Supporting add-on for Open Threat Exchange

This app integrates OTX indicators collected by TA-otx into the Splunk Enterprise Security threat intelligence framework.

It does this with a series of saved searches running (by default) every 12 hours. Previous versions of this app used a modular input to do this: this input is no longer required and should be disabled if you still have it in your system.

Requirements

• TA-otx -- This needs to be collecting OTX data, but there is not a requirement for this add-on on the Splunk ES search head
• Splunk for Enterprise Security

Setup

To set up this app after install:

1. Ensure that you have OTX data collected by TA-otx and it is fully backfilled to where you want it
2. Customise the macro otx_index to point to where your OTX data is
3. (Optional) Customise the otx_lookback macro if you wish more/less than 90 days of indicators included
4. (Optional) Customise the schedule of all saved searches if you wish more frequent updates

Field mapping

Currently evaluated indicator types from OTX are:

• domain
• hostname
• email
• FileHash-*
• URL
• IPv4
• IPv6
• CIDR

These map to the equivalent threat intel groups and fields in Splunk ES.

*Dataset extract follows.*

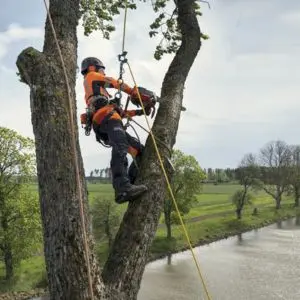a man wearing full PPE and harness, half way up a tree, using the Husqvarna T540 XP® Mark III Petrol Chainsaw to prune a branch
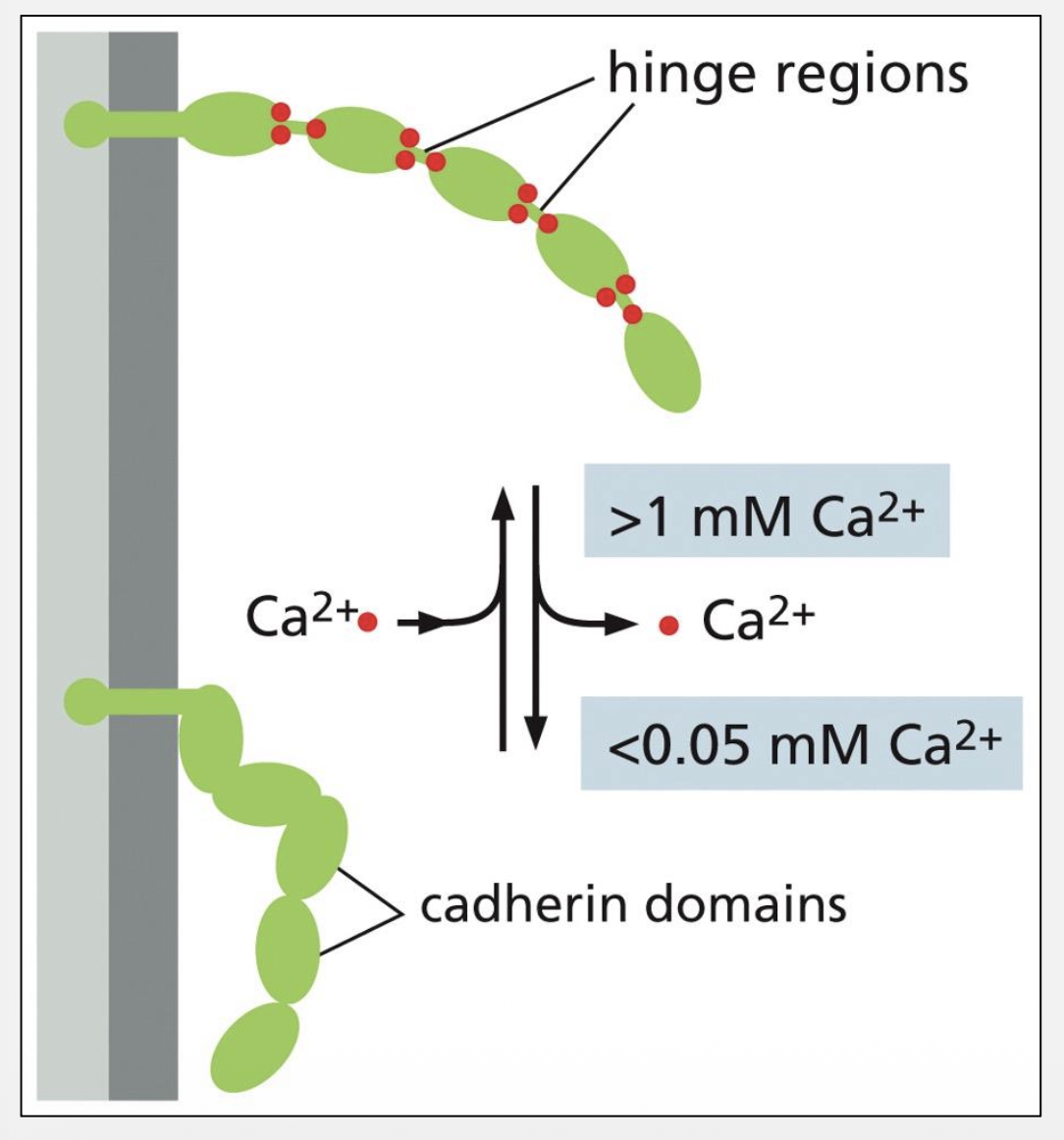 <p>Actin via catenins</p>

Other field mappings that are important:

• A concatenation of OTX tags, targeted industries and targeted countries map to threat_category
• OTX adversary maps to threat_group
• The description in the Splunk threat_group_intel collection is composed of both the pulse name and description from OTX
• The source_path is the URL to view the pulse in detail in OTX

Expiration

There are a set of disabled saved searches called OTX <intel collection> - Retention included. When enabled, these will run overnight and remove any indicator older than 365 days. The exact length of retention can be tuned by modifying the otx_threat_expiry macro.